FAQ
General questions
Whom is Fused for?
Fused is designed for teams seeking to simplify their workflows and accelerate the creation and delivery of data products. It's ideal for organizations that need a scalable solution to handle growing data sizes while minimizing the time spent on data engineering.
Why Python, when there's spatial SQL?
Python is the go-to language for spatial data science. Although spatial SQL joins and transformations can be efficiently performed using PostGIS in an external database, you may eventually need to convert that data to Pandas and NumPy for further processing and analysis, especially for detailed operations on raster arrays. Additionally, you can run SQL directly on Fused using Python libraries like DuckDB, combining the strengths of both approaches.
What's the benefit of geo partitioning vector tables?
It enables efficient reading of large datasets by strategically partitioning GeoParquet files. Fused's GeoParquet format includes metadata that allows for spatial filtering of any dataset, loading only the chunks relevant to a specific area of interest. This approach reduces memory usage and allows you to work with any size dataset with just Python.
When should I ingest a file vs. load it as is?
You should ingest a file if it has a spatial component and you plan to visualize it or use it for downstream analysis.

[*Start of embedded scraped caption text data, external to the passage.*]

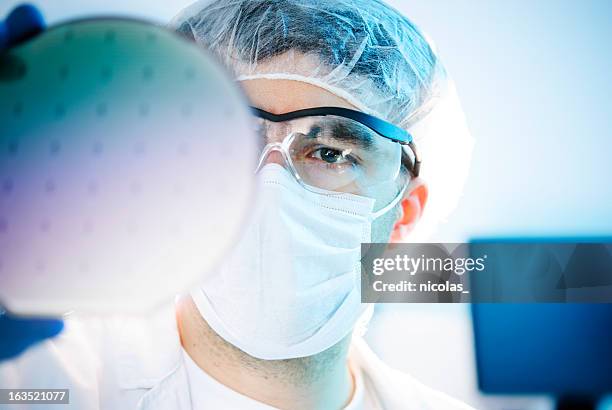 silicon wafer - cleanroom stock pictures, royalty-free photos & images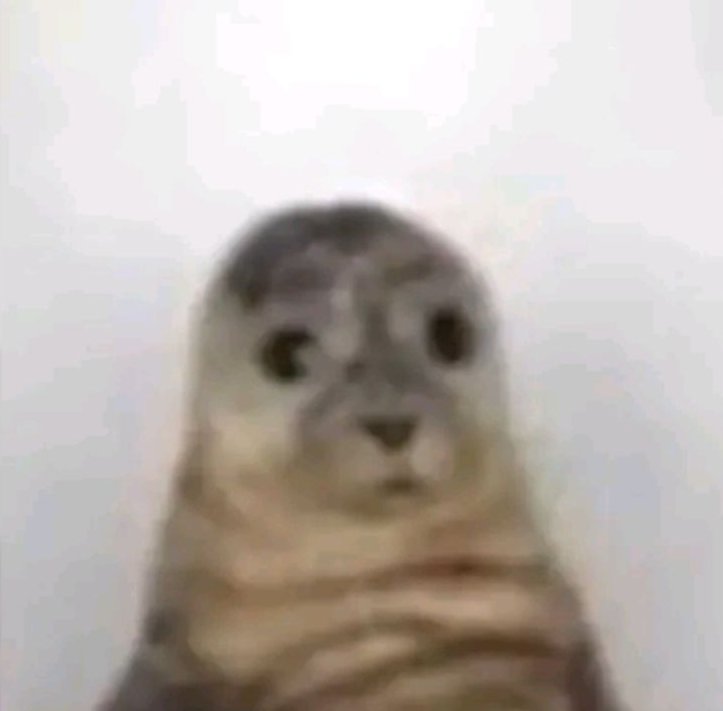 ryo as seals tweet media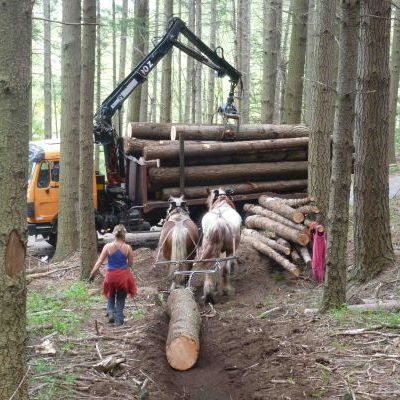 Débardage à cheval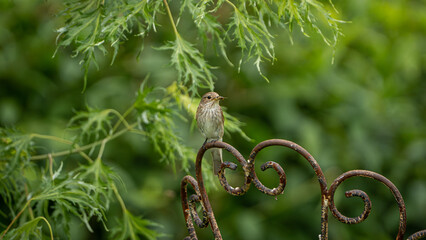 Bird on rusty chair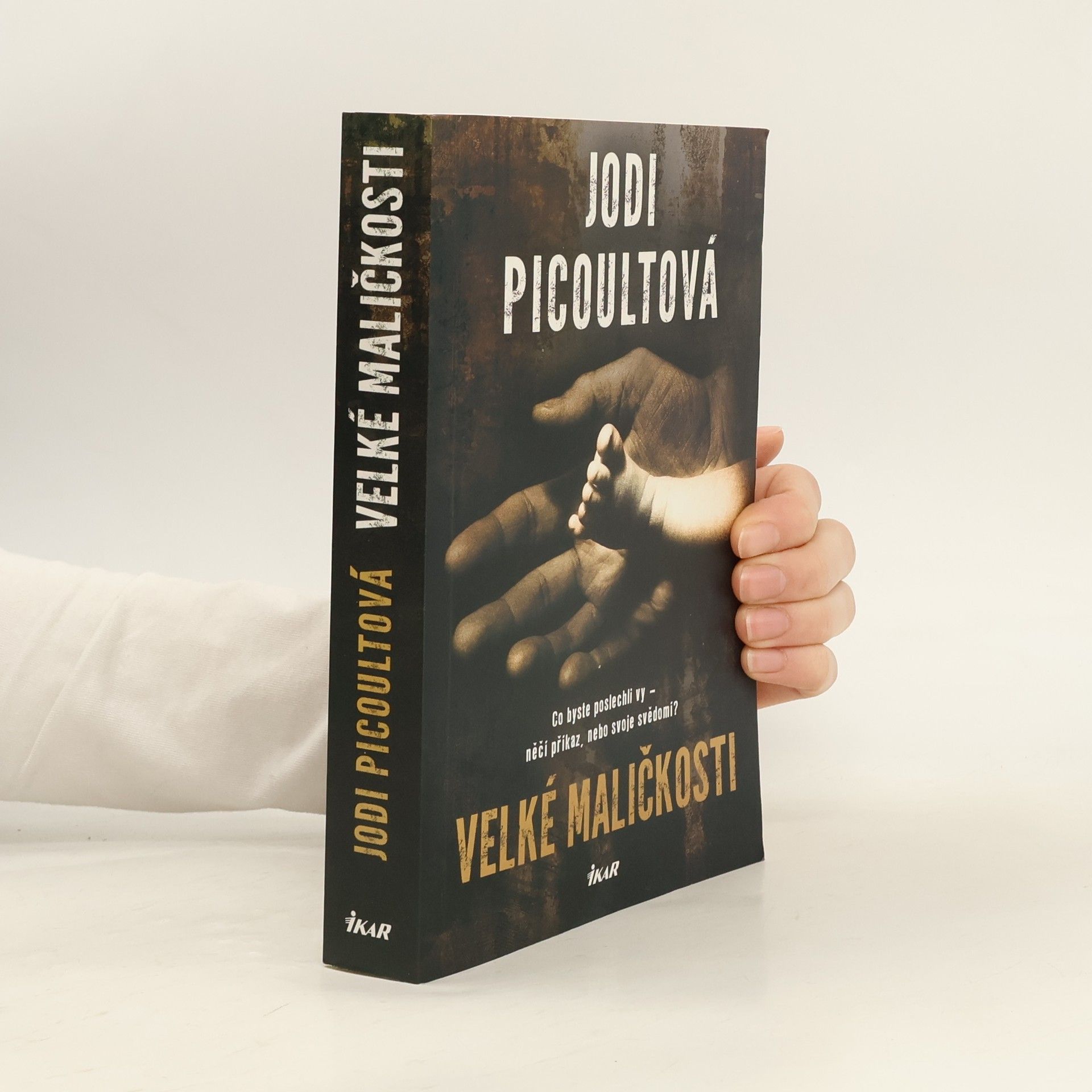 Jodi Picoult Velké maličkosti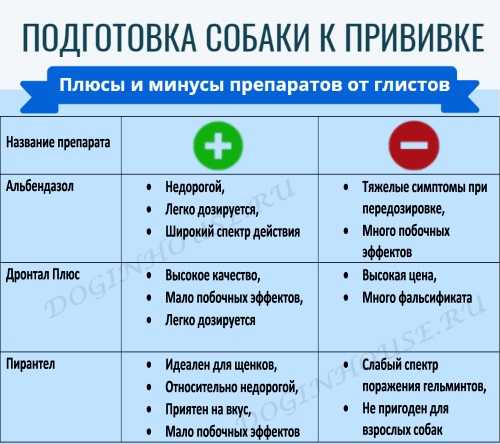 Подготовка кошки к вакцинации и укрепление иммунитета - кот, пёс и я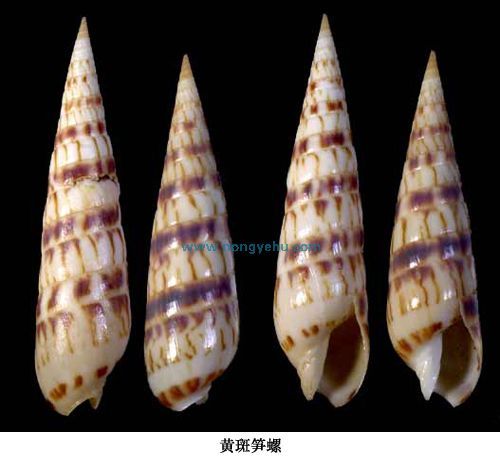 黃斑筍螺 黃斑筍螺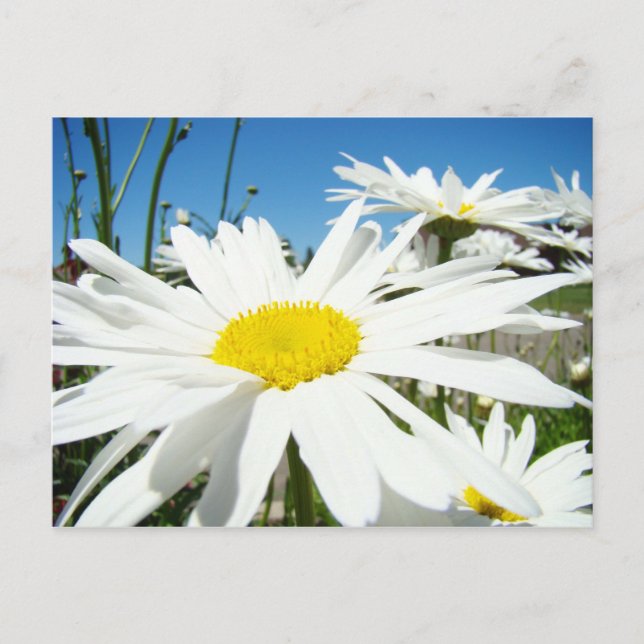 Fleurs marguerites blanches Cartes postales du jar (Devant)
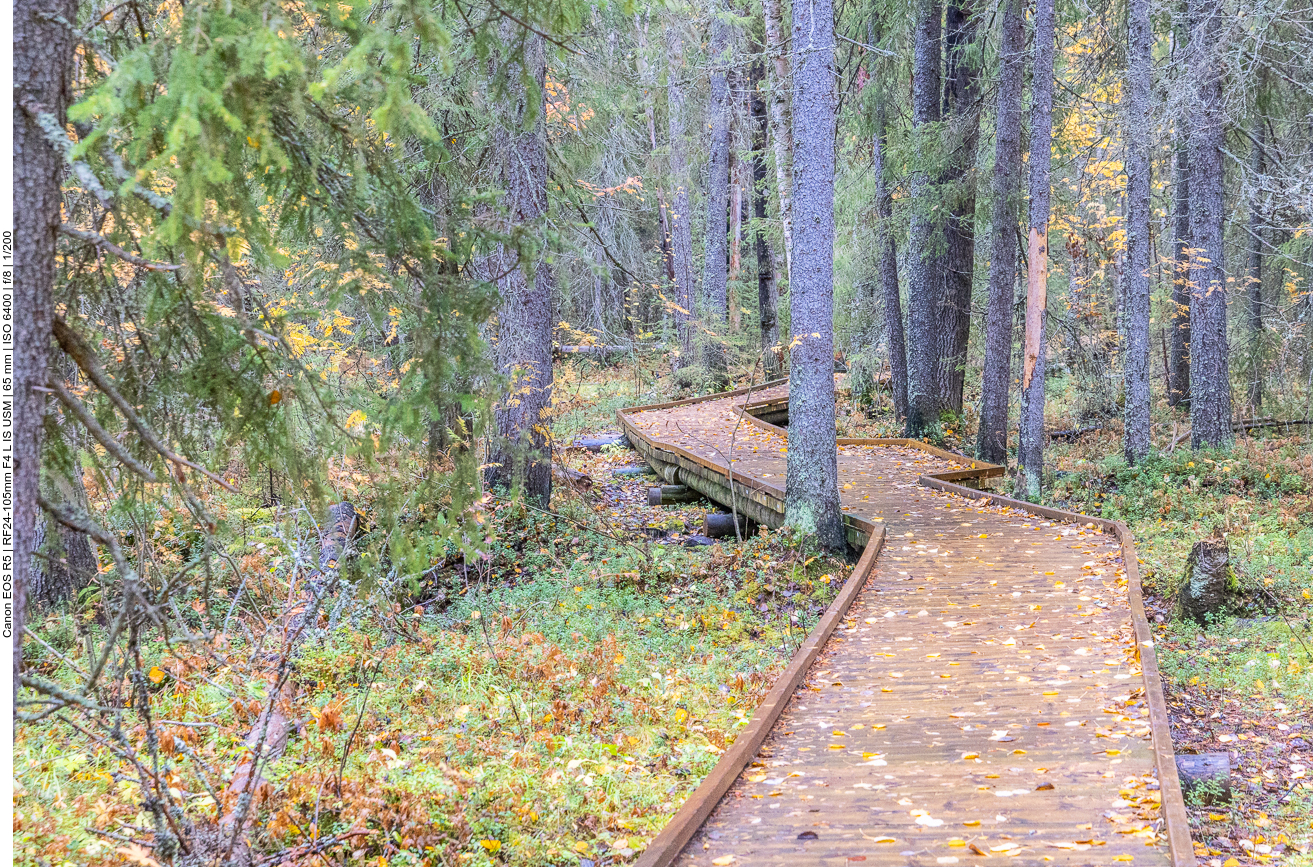Holzbohlenweg durch das Moor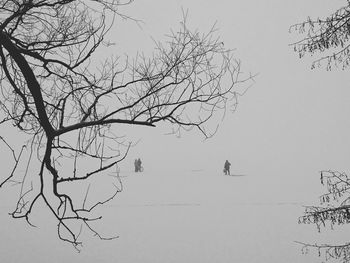 Low angle view of bare trees against the sky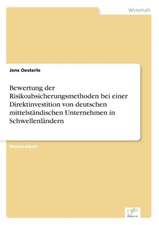 Bewertung der Risikoabsicherungsmethoden bei einer Direktinvestition von deutschen mittelständischen Unternehmen in Schwellenländern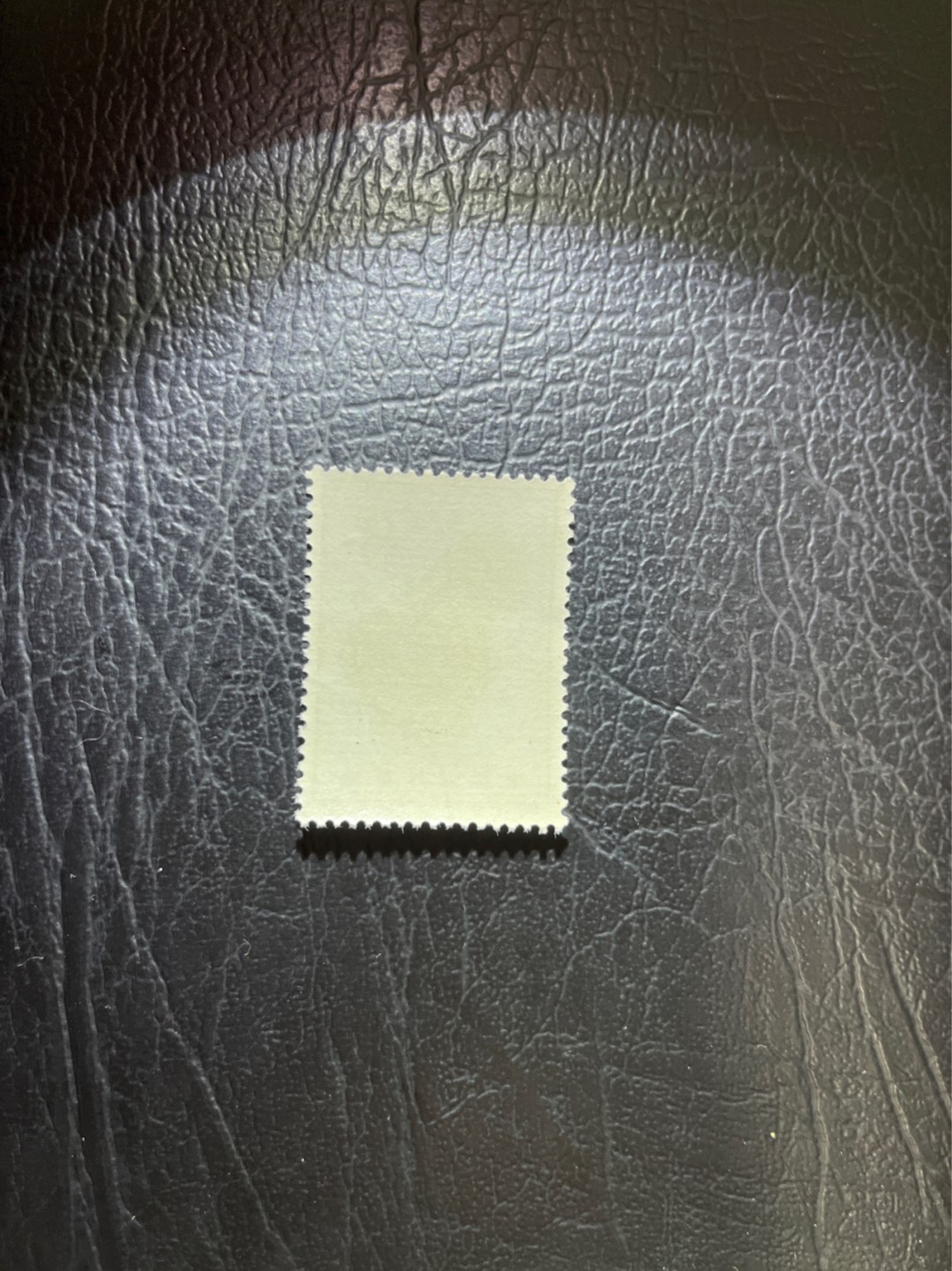 洪涛臻品 精选邮票限时拍卖第四十八期 特63青铜器8-3盖销✦总筋✦全品嘎嘎绝，老纪特三俗稀缺，ASG95分新票拍卖价8000多元，版撕全品盖销注意捡漏。解放初的经典票，整版撕开，面艳胶白，票挺洁净，齿孔完美，收藏评级两相宜，且有高附加值边纸。老纪特的版票资源十分稀缺难寻，机会来临时必须抓住。(图3赵涌近期成交价做参考)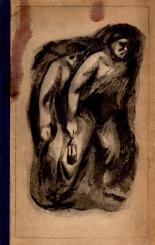 Germinal - Emile Zola (Siehe Info unten) 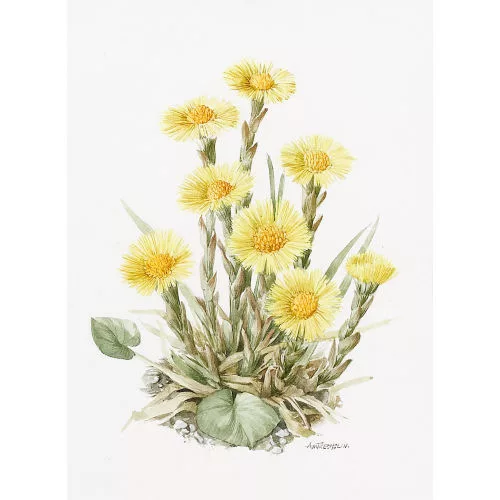Anne Marie Trechslin — "Huflattich".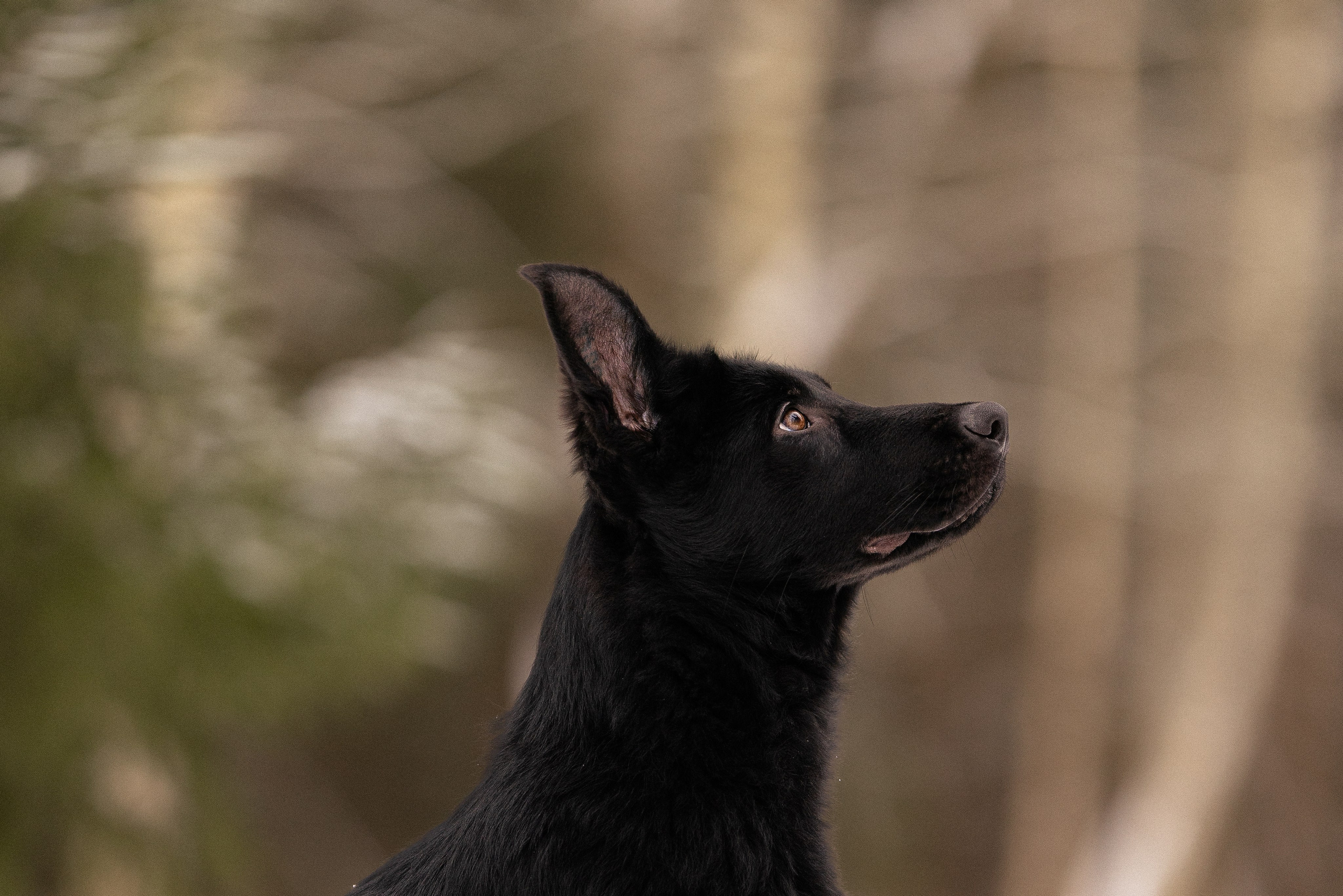 Немецкая овчарка. Фотограф и видеограф анималист Аганина Дарья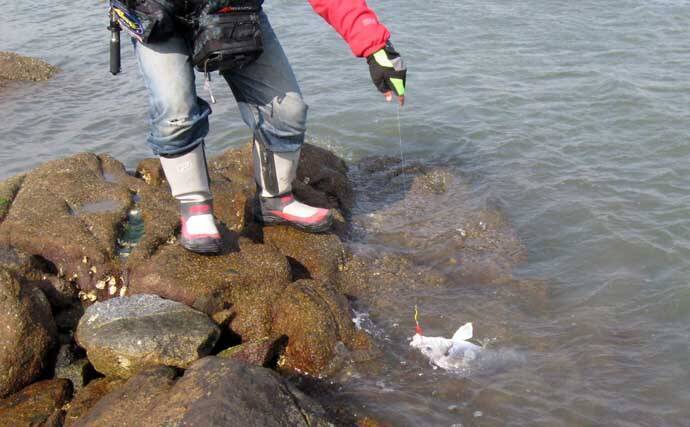 「3月から本格シーズン到来！」 サーフで楽しむ【チヌラバ】ゲームのススメ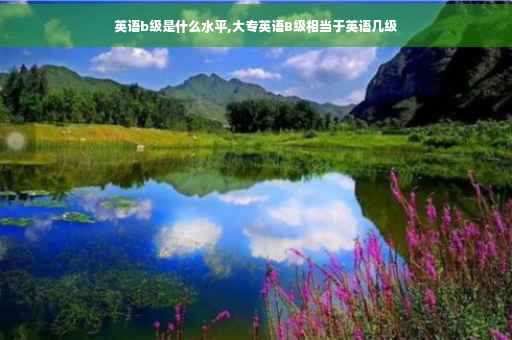 英语b级是什么水平,大专英语B级相当于英语几级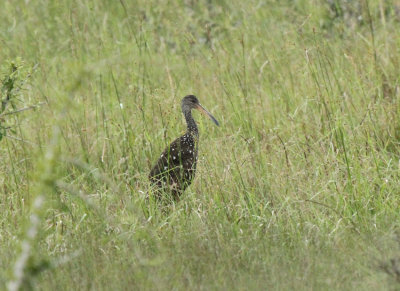 Limpkin
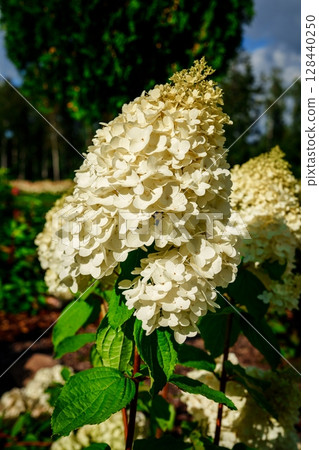 Elegant White Hydrangea Paniculata Blossom in Full Bloom A Floral Masterpiece in Nature 128440250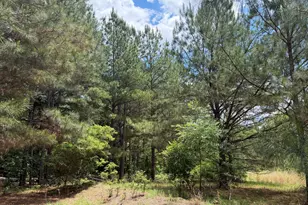 008 George Milling Rd, Toomsboro, GA 31090 - Photo 1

Ingesting allows for more efficient and lightweight repeated access. On the other hand, if the file is small (under 100 MB), fits into memory, and is intended for a one-off operation, you should load it as is. This approach avoids the overhead of ingestion for single-use or infrequent access scenarios.
Which authentication methods do you support?
Fused currently uses Auth0 to support authentication via Google and GitHub.
How do we configure Github integration?
To configure the integration, connect your GitHub repository and provide us with the repository name and details. We'll activate it for you.
Is there a way to set environment variables or secrets/API keys?
Save environment variables and secrets to an .env
file as shown here to make them available to UDFs as environment variables.
How can I share utility modules between UDFs?
Troubleshooting
Error: Access is not configured for you in the Fused Workbench. Please refresh the page if you think this is an error, or get in touch if you require further help. Cause: Realtime instance not configured.
This error occurs when you try to run a UDF with an account associated with a workspace environment that does not have a realtime instance configured. This means that there are no worker nodes available to run the UDF. To resolve this issue, please get in touch with the Fused team team to ensure your account is associated with an environment with a realtime instance.
When Troubleshooting this error, it may help to navigate to your account's User Profile page to determine if the account is associated with an environment and realtime instance, as shown here.
Error: No such file or directory: '/mnt/cache/'
This error occurs when a UDF attempts to access the /mnt/cache
disk when it is not available for the environment. To resolve this issue, please contact the Fused team to ensure that the cache directory is available for your account.
Error: No space left on the device: '/tmp/'
This error occurs when a UDF attempts to write more data than the /tmp
directory of the real-time instance can handle. Realtime instances have a limited amount of space available and are ephemeral between runs. You might want to consider writing to /mnt/cache
disk instead.
Error: Quota limit: Number of running instances
Fused batch jobs, which are initiated with run_remote, require a server quota to be enabled for your account. These include data ingestion jobs. If you encounter this error, please contact the Fused team to request an increase in the quota allotted to your account.